━━━ DATA EXCERPT ━━━

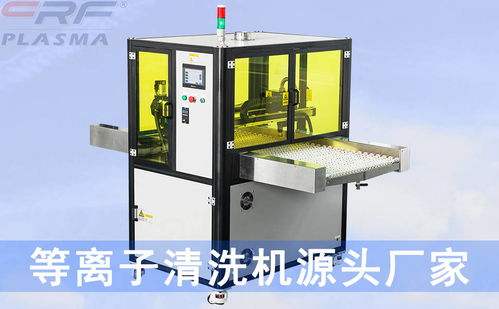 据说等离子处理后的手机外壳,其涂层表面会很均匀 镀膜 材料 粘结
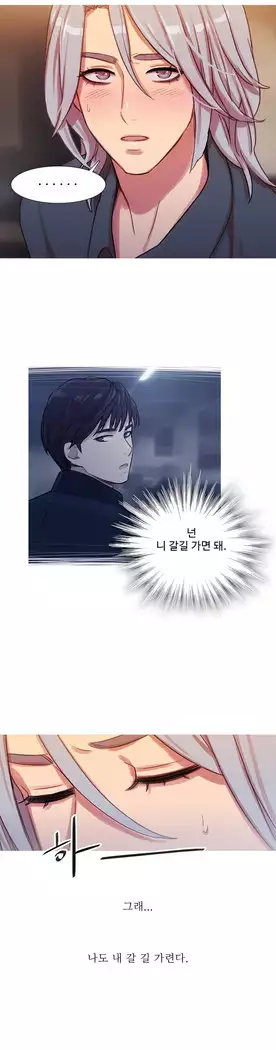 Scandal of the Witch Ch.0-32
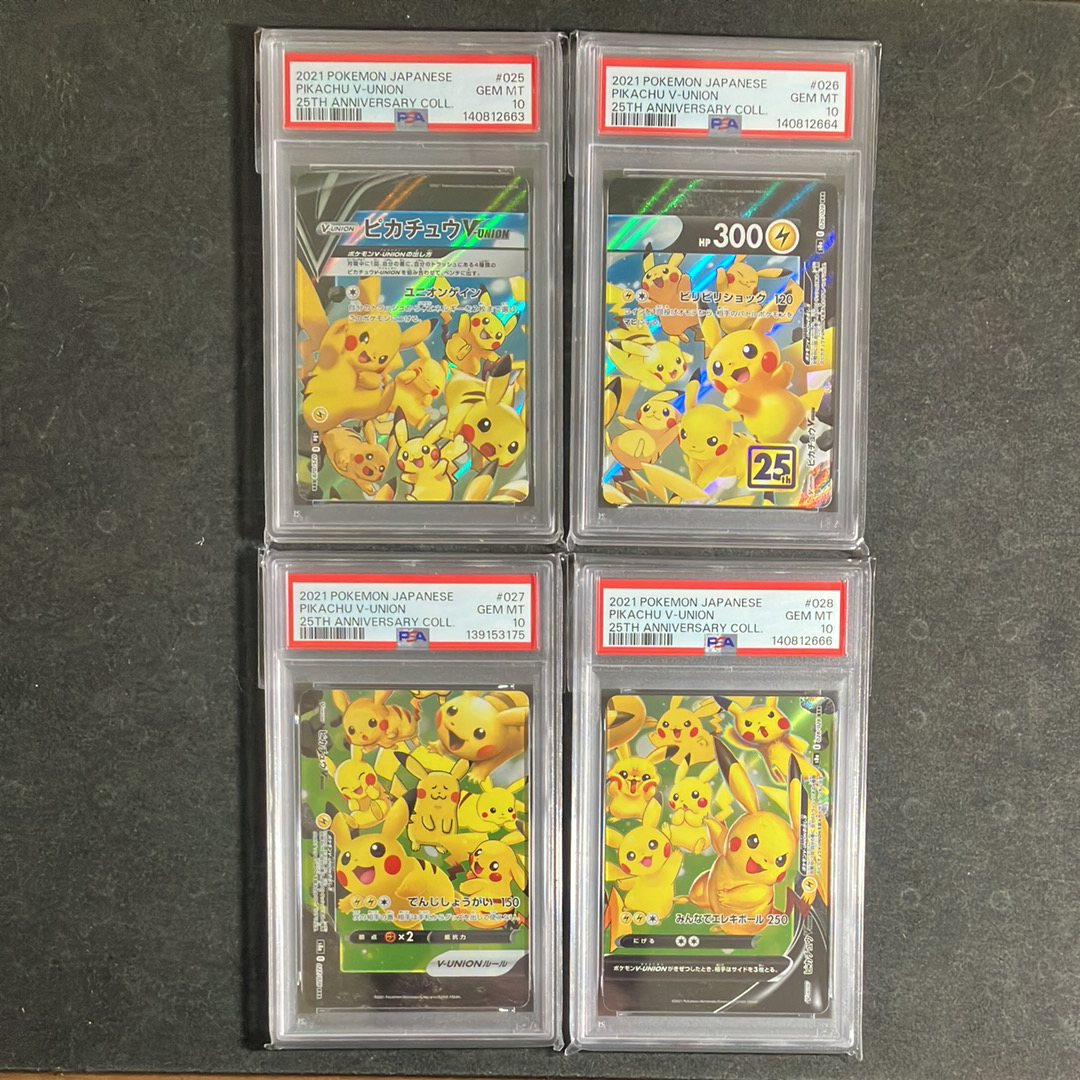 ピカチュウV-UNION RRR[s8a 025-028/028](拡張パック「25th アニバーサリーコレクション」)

━━━

- WHAT THIS TASK INVOLVES:
Could you give the material again exactly as it stands, omitting any image?

- TASK ANSWER:
 据说等离子处理后的手机外壳,其涂层表面会很均匀 镀膜 材料 粘结
 Scandal of the Witch Ch.0-32
 ピカチュウV-UNION RRR[s8a 025-028/028](拡張パック「25th アニバーサリーコレクション」)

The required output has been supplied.